10月28日に生放送した「my Workstyle on Real Time Web powered by Lotus」の第5回。ゲストにジャーナリストの池上彰さんを迎えて、同時視聴数は1700人にも及びました。今回、全放送内容をテキスト化。3回に渡りお届けする予定です。中編では、池上さんのジャーナリズムに対する考え方やスタンス、質問力の磨き方などのテーマをたっぷりと伝えます。全文公開! Ustream初出演、池上彰さんの仕事術(前編)もあわせてご覧下さい。
津田大介(以下、津田) 池上さんは携帯電話をどのように活用していますか?
池上彰(以下、池上) 電話を受信することとメールでのやり取りぐらいです。
津田 普通のフィーチャーフォンやガラパゴスケータイと呼ばれる端末ですか?
池上 はい。スマートフォンではありません。
津田 スマートフォンに対する興味は?
池上 興味はあるんですけど、とりあえず今の携帯電話を買い替えに行く時間がなくて。
津田 アルバイトや雑務をやってくれる人もいないのですか?
池上 いないのですよ。
津田 本当に1人なんですね、すごいです。携帯電話はどこのキャリアはauをお使いですか? NHKではないので(固有名詞を言っても)大丈夫です(笑)
池上 最初はauだったんですね。なぜかというと、中国、香港、オーストラリア、アメリカなど、海外でそのまま使えたからです。ほかのキャリア(の選択肢)がなかったので、これだと思いました。
津田 グローバルパスポートというサービスですね。

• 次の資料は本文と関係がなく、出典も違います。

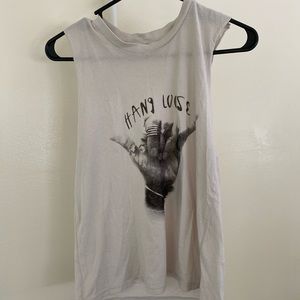 Brandy Melville Hang Loose Muscle Tank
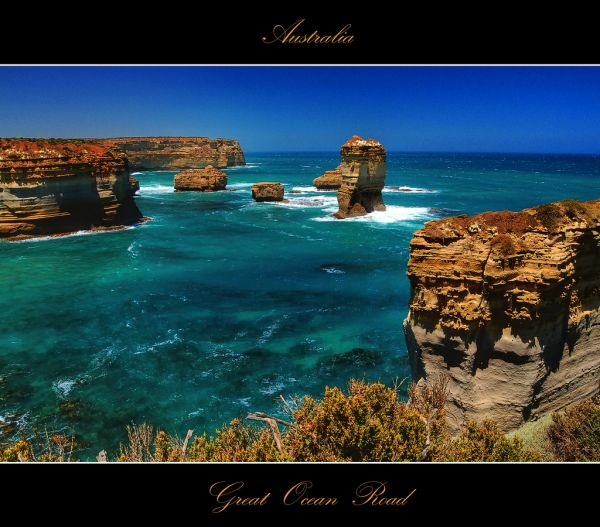 panorama,mar,baía,Rocha,areia,céu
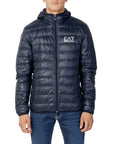EA7 By Emporio Armani Hooded Puffer Jacket - blue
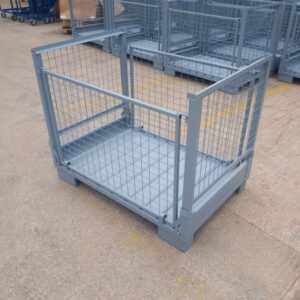 Foldable Steel cage pallets 4 side wire mesh 1200x800x970mm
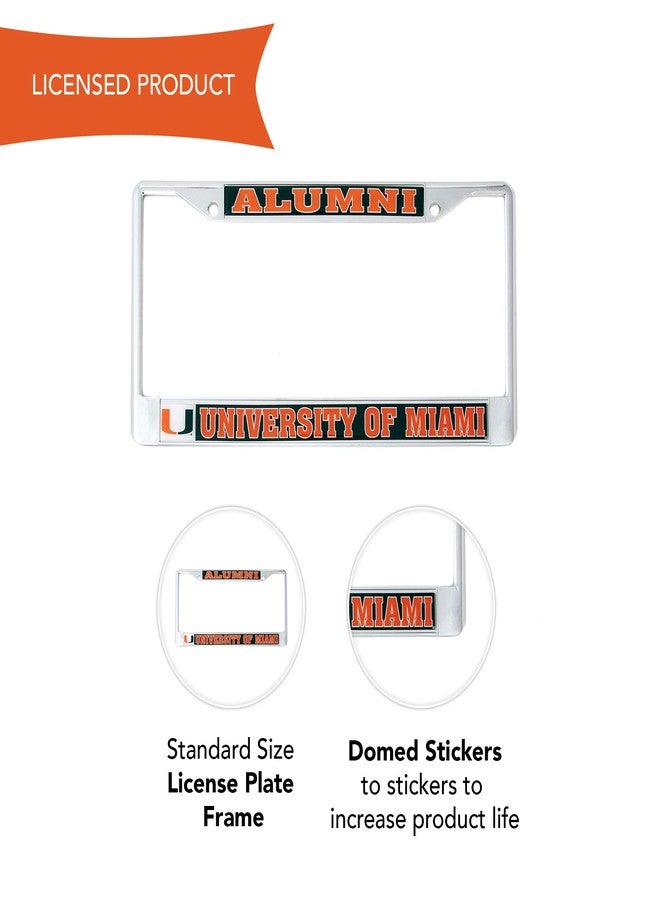Desert Cactus University of Miami Car Accessories Hurricanes Metal License Plate Frame and Tag Holder for Front or Rear of Car (Alumni) - Image 4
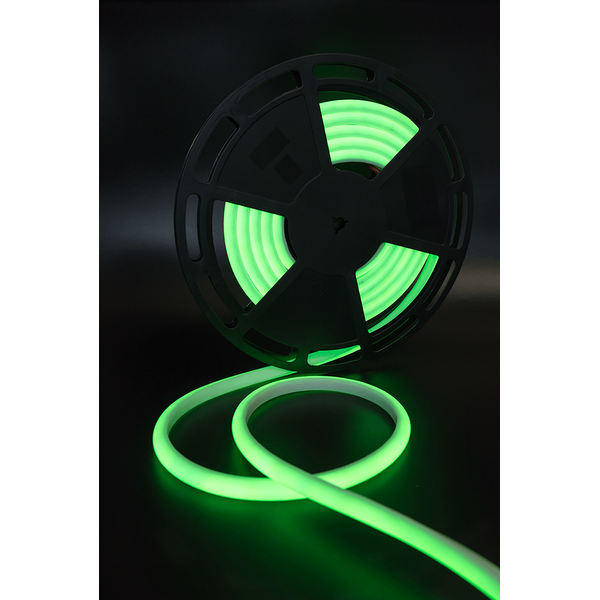 Термолента светодиодная SWG SMD 2835, 180 LED/м, 12 Вт/м, 24В , IP68, Цвет: Зеленый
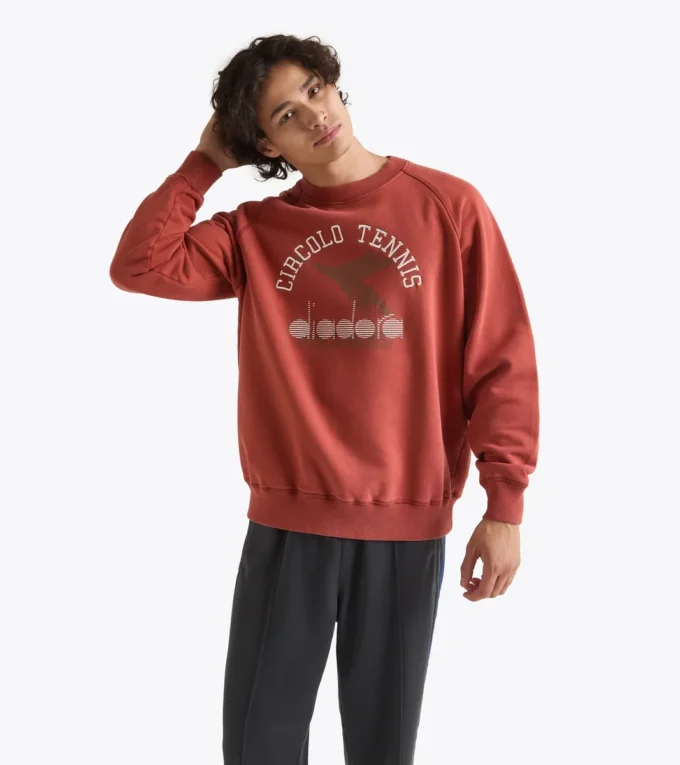 Sweatshirt Crew Legacy Sweatshirt Crew Legacy – Hergestellt in Italien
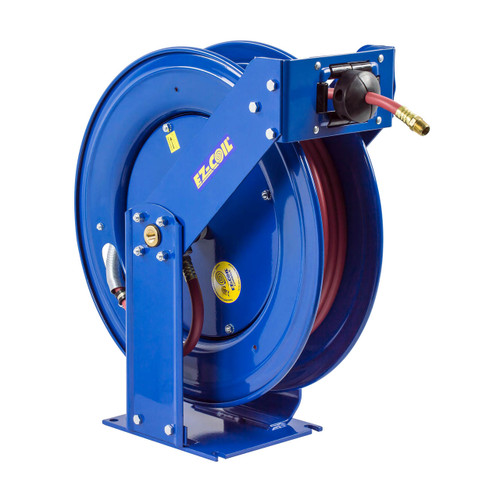 Coxreels EZ-Coil T Series Supreme Duty Truck Mount Grease Hose Reel - Reel & Hose - 1/4 in. x 75 ft.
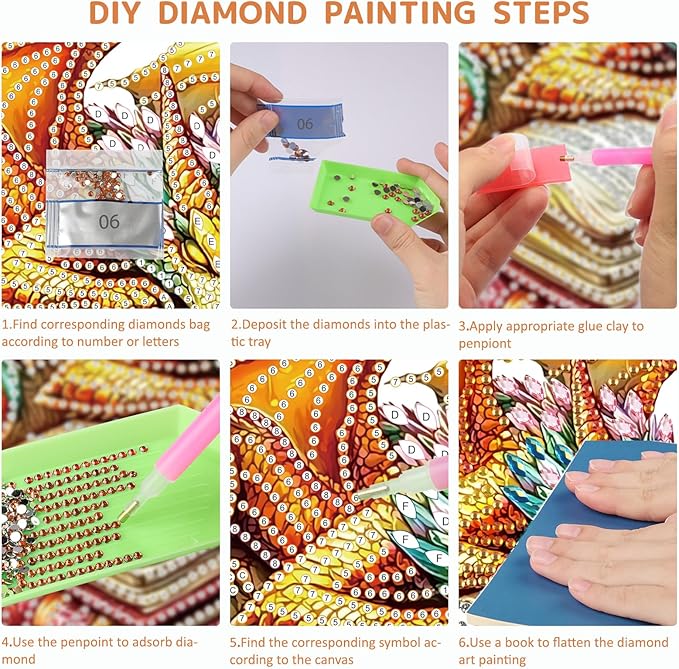 SENQAO Dragon Diamond Art Hanging Kit for Adult, Special Shaped Rhinestone, DIY Acrylic 5D Diamond Art Painting Window Pendants Home Garden Wall Hanging Kits Hanging Ornament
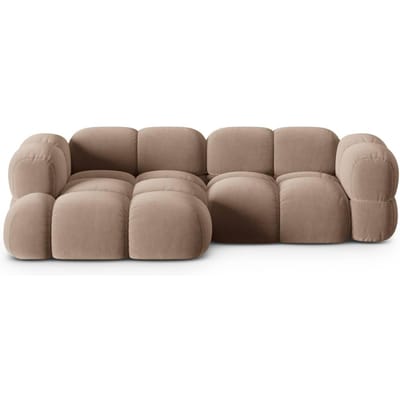 Hoekbank Loretto links velvet | Cosmopolitan Design
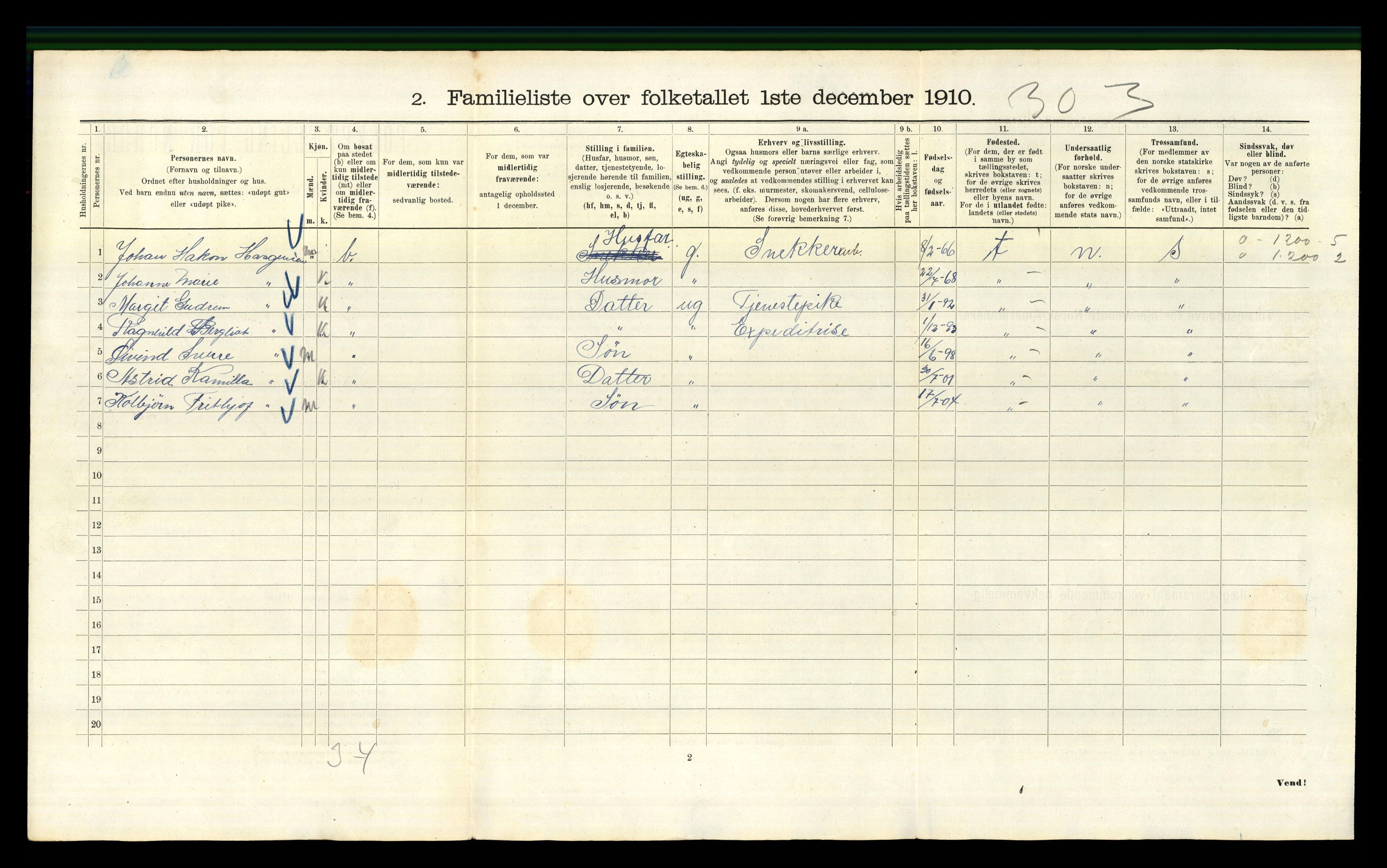 RA, 1910 census for Kristiania, 1910, p. 8768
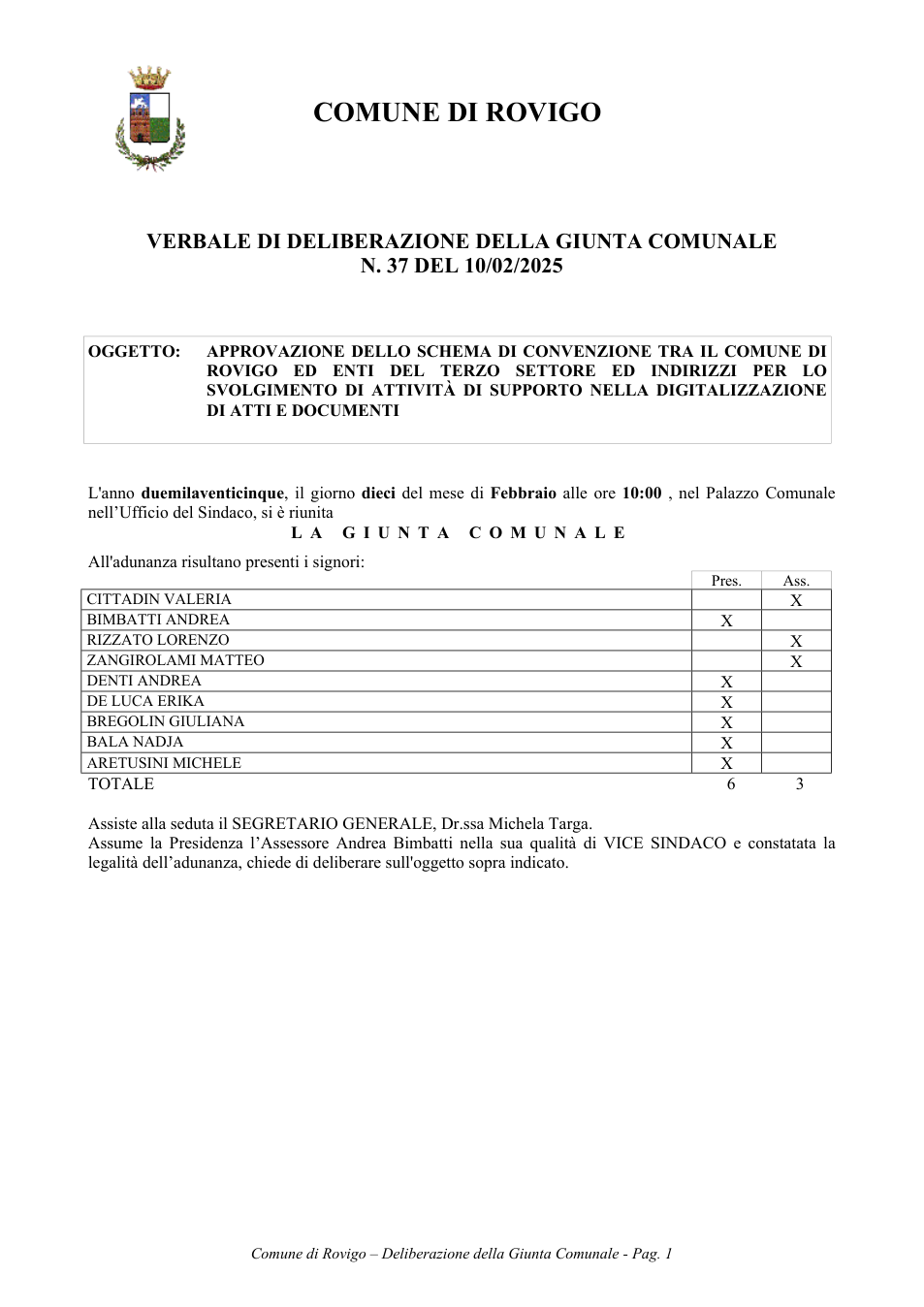 Pagina 1 del documento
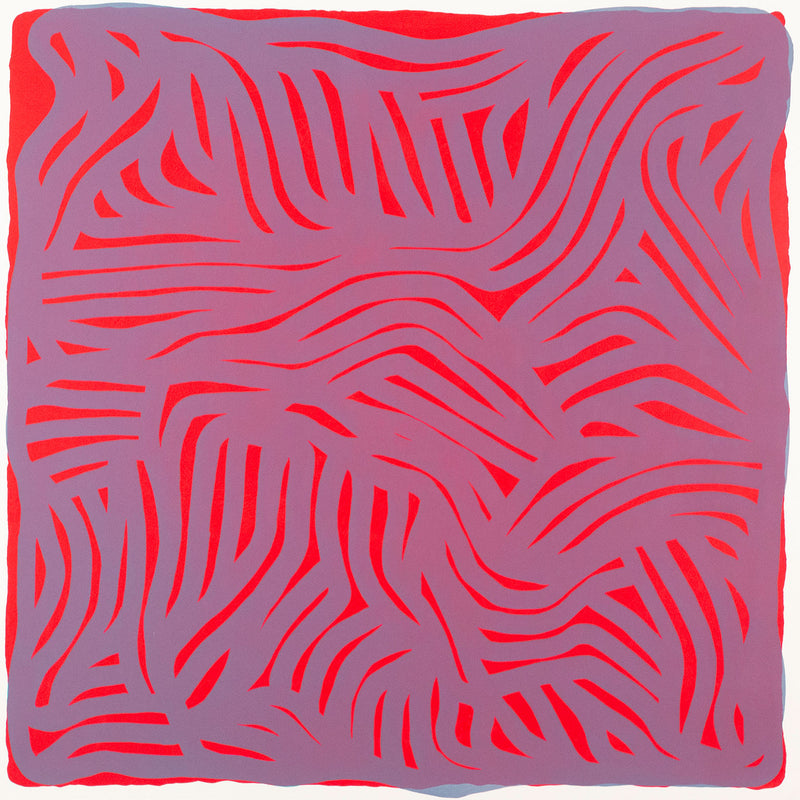 SOL LEWITT "PARALLEL CURVES" LITHO, 2000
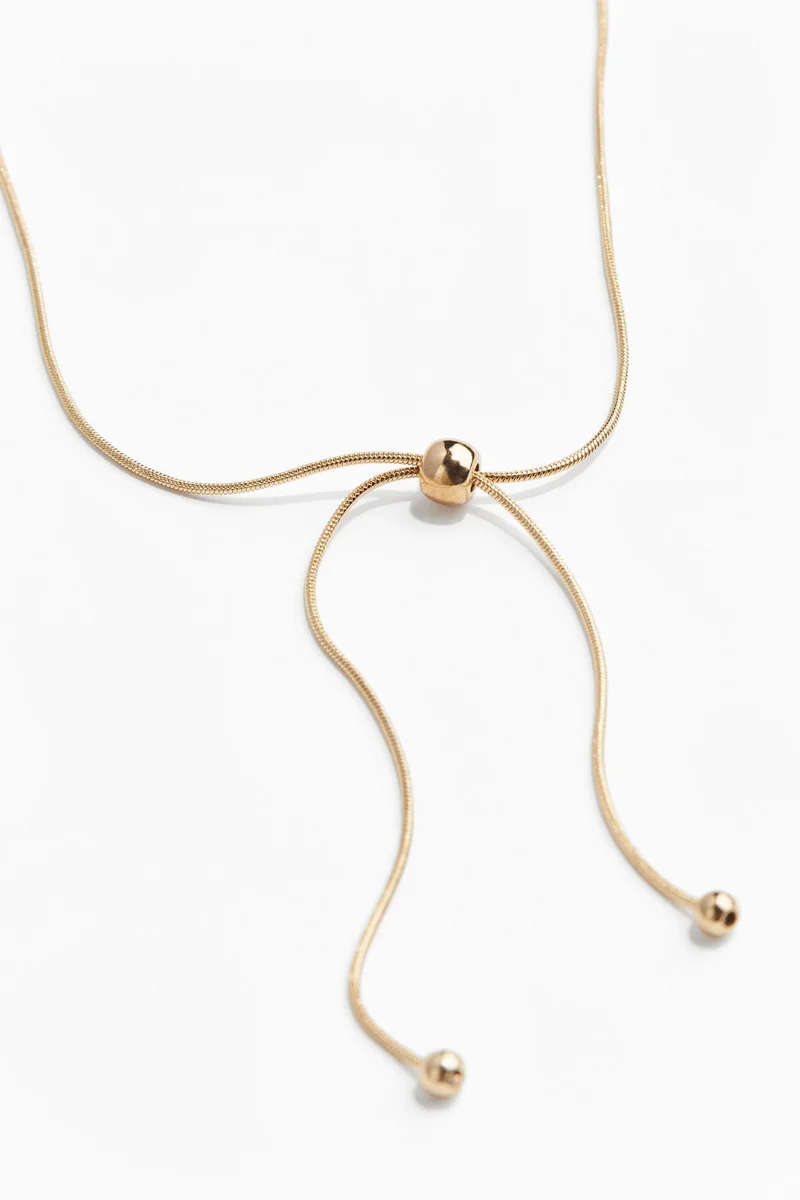 اتش اند ام قلادة سلسلة على شكل أفعى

そのころから海外に行く仕事が多かったと。
池上 その後、auはそこから先に広がっていきませんでした。ところがボーダフォンは世界中で使える国や地域が多かったのですよ。特にアフリカや中東に行くと、圧倒的にボーダフォンなんですね。今はソフトバンクになりましたけど、ああ、これがいいのかなと思ったのですが、ソフトバンクの場合はお客様がうんと増えているのに対してネットワークがなかなか追いつかないというね。あ、非常に配慮した言い方をしていますよ(会場笑い)。
津田 地方に行くとつながりにくいという話ですね。
池上 私はそんなこといってませんよ(笑)。
津田 僕なりに池上さんの言葉を解釈すると、電波がつながらないんだよと言うお話ですね(笑)。
池上 お客様が増えているのに、対応しきれていないというだけのことですけどね。
池上 NTTドコモはボーダフォンに比べて、海外で使える地域が7〜8カ国少ないですが、国内ではつながりやすいなと。そこでナンバーポータビリティが始まりました。今は(キャリアを)変えて、ドコモを使っています。
津田 何年くらい使っていますか?
池上 どれくらいですかねえ。その時にauのところにいって「ごめんなさい。何の不満もないのですよ。だけど海外で使いにくいんですよ」と言って変えました(笑)。
津田 優しい! auの人もさびしい顔をしていたんじゃないですか?
池上 「そうなんですよねえ」と言っていました(笑)。
津田 今日は光栄で、この放送をUstreamでやっています。Ustreamは今ソフトバンクの傘下で、スマートフォンに興味があるという池上さんがおっしゃったのを1000人以上が見ているわけですから。これを@masasonさん、つまり孫正義さんが見ていて、池上さんにiPhoneをどうぞという流れがあるかもかもしれませんよ。
池上 まるで商品を要求しているようですね(笑)。
津田 いえいえ、買いに行く手間がないというだけのことですから。
池上 そういうことは自分で金を払って買いますから大丈夫ですよ。そうじゃないと批判できなくなっちゃいますから(笑)。
津田 それがジャーナリズムの基本ですね。是非スマートフォンを買っていただいて、Twitterを使ってほしいなあと思っています。そうすれば(選挙特番で共演した)麻木(久仁子)さんともいろいろお話ができますよ(笑)。あ、少し言葉がおかしかったですね。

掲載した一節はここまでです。